Material provided:
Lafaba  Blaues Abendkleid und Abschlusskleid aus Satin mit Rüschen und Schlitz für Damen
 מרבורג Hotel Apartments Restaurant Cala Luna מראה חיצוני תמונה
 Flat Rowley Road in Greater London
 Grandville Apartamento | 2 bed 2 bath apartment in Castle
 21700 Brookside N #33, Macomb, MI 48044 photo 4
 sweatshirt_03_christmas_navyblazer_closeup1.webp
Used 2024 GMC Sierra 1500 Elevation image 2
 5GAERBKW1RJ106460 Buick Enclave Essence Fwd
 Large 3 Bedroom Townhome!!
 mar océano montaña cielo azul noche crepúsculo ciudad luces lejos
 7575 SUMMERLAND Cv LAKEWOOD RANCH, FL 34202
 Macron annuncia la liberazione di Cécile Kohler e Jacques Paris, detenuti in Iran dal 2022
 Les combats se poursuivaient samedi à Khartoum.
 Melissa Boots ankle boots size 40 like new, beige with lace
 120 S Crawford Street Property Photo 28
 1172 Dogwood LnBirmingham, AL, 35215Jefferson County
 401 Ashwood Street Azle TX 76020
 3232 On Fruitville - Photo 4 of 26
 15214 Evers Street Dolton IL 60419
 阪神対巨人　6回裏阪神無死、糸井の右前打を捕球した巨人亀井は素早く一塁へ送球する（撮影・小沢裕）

What is needed: At the line containing "Melissa Boots ankle", start copying. Continue exactly through the final line of the entries above and stop there.

Output:
 Melissa Boots ankle boots size 40 like new, beige with lace
 120 S Crawford Street Property Photo 28
 1172 Dogwood LnBirmingham, AL, 35215Jefferson County
 401 Ashwood Street Azle TX 76020
 3232 On Fruitville - Photo 4 of 26
 15214 Evers Street Dolton IL 60419
 阪神対巨人　6回裏阪神無死、糸井の右前打を捕球した巨人亀井は素早く一塁へ送球する（撮影・小沢裕）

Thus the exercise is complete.